With the status of a candidate, but without a campaign apparatus, Clinton was largely absent from her own pseudo-scandal until sending out her tweet on Wednesday evening. She stayed above the fray Tuesday night at a gala for the women’s group Emily’s List in Washington and her aides have mostly kept mum, so far not offering a comprehensive explanation. Instead, some Democrats have taken it upon themselves to defend her publicly. But knowing little more information than everyone else, they’re left to attack the messenger and deflect criticism to Republicans who used similar email practices, rather than mounting a coherent response.

Questions about Clinton’s emails dominated the White House press briefing for a second day. And for a second day, the White House decline to mount a robust defense of Clinton.

"Very specific guidance has been given to agencies all across the government, which is specifically that employees of the Obama administration should use their official email accounts when they're conducting official government business," White House press secretary Josh Earnest told reporters. Still, he also said he did not think Clinton violated any regulations or law. “if they did what they said they did,” he said. “That would be consistent with the Federal Records Act.”
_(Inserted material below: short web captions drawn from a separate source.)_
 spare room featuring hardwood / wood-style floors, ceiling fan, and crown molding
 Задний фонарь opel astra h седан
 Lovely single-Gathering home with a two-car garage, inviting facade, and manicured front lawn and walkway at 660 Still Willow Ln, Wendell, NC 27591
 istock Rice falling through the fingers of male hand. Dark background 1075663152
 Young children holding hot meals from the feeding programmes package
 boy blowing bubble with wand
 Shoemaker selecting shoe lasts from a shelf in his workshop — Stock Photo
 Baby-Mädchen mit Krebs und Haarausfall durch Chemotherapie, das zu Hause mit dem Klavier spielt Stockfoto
RELATED: Hillary Clinton’s email problem is not going away

It was a policy reiterated by former press secretary Jay Carney in 2011 after similar revelations about government officials using personal email for work. "The administration policy that is effective here is that we — all of our work is conducted on work email accounts," said the then-press secretary.

Clinton’s lawyer on Wednesday disputed the claim Gowdy made yesterday that Clinton used multiple private email accounts, but otherwise the former secretary of state and her advisers have been relatively quiet.
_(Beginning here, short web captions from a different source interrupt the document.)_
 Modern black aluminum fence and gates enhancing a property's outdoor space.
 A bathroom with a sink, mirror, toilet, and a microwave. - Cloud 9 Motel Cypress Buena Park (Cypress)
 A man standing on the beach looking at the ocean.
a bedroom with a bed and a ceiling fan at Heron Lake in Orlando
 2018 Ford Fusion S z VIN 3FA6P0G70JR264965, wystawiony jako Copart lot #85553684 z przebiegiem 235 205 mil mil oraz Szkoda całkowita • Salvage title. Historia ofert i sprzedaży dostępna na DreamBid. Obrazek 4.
Other defenders have included the outside groups founded by David Brock, including Media Matters and American Bridge, which have been firing on all cylinders to try to slow the inertia of the story. Brock himself appeared twice on msnbc. But with little direction from Clinton high command, and a need to defer to Clinton on strategy, the outside groups have been relegated to attacking the media for over-hyping the story and shifting blame. 

Several Clinton allies msnbc contacted Wednesday said they had not seen any official talking points being circulated by Clinton aides on the email issue, though they could come soon. Last week, Clinton spokesperson Nick Merrill passed around suggestions of how allies could respond to questions about the Clinton Foundation’s fundraising.
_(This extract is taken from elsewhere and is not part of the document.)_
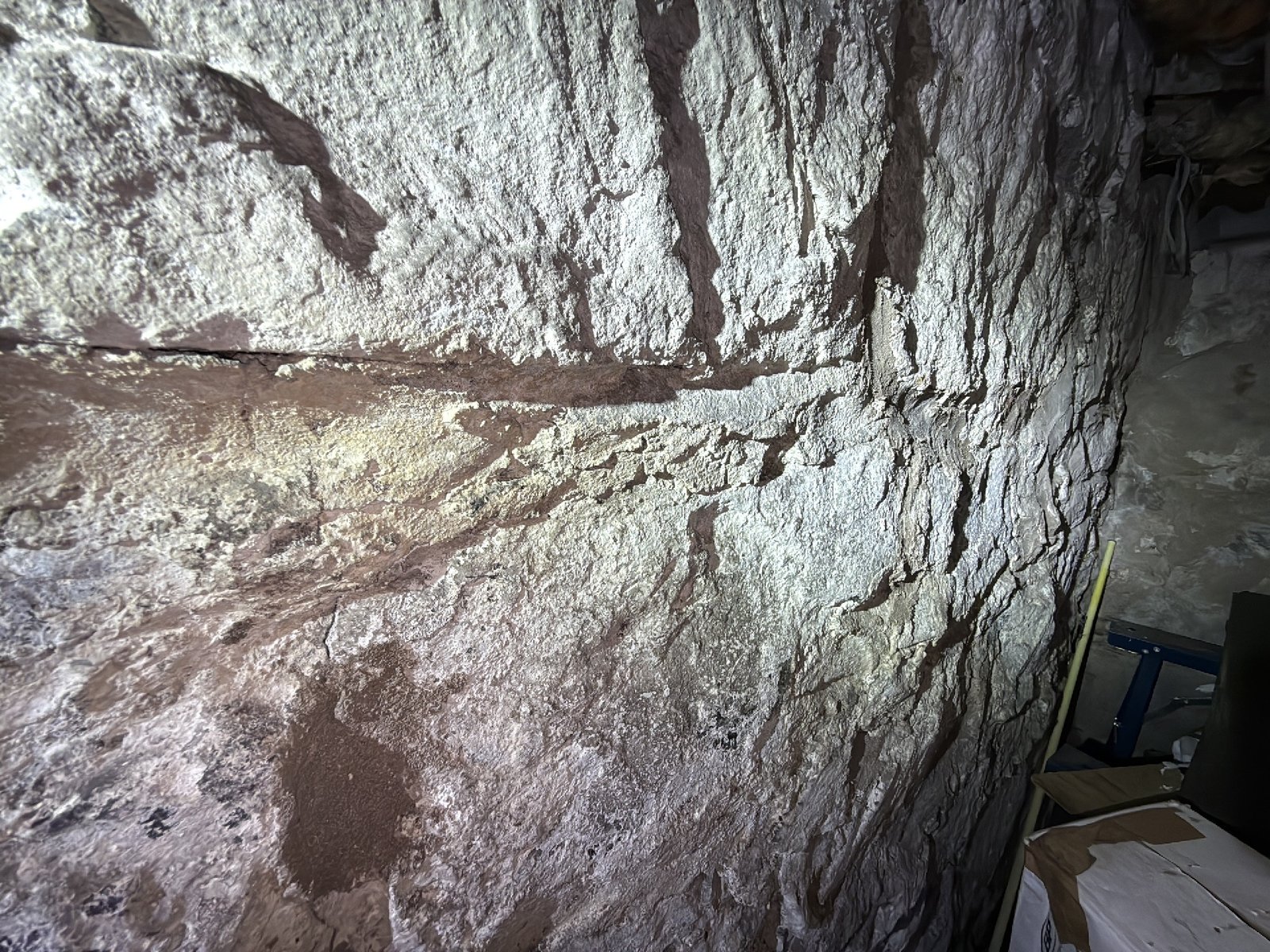 A flashlight held against a stone foundation wall to check the condition of the mortar joints up close during an inspection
The Benghazi Select Committee has a broad mandate to investigate the attacks, and no hard expiration date. At a press conference Tuesday, Gowdy said he would not make its findings known until it completed its work.

Meanwhile, the AP is considering suing the State Department over an unrelated records request they made for Clinton’s schedules and other information. “We believe it’s critically important that government officials and agencies be held accountable to the voters,” the AP’s general counsel, Karen Kaiser told The New York Times. “In this instance, we’ve exhausted our administrative remedies in pursuit of important documents and are considering legal action.”

RELATED: For Hillary, a haven amid a storm

Also on Wednesday, Clinton’s longtime spokesperson Philippe Reines picked a public fight with a Gawker writer for reporting an anonymously sourced allegation that Reines also had an email on Clinton’s private server. In a 650 word response, Reines flayed Gawker's J.K. Trotter and carbon copied two media reporters “as observers” to the exchange, who publicized the exchange.

Reines is one of Clinton’s closest aides going back to her time in the U.S. Senate. A loyal and acerbic defender of the former secretary of state in the press, he’s known for picking fights with reporters, but rarely speaks with them on the record these days.

Wednesday evening, Clinton will attend a fundraiser gala for the Clinton Foundation, started by her husband, former President Bill Clinton. The philanthropy is building out an endowment to sustain it in case Clinton becomes president. The event was closed to reporters, and the location was not announced publicly.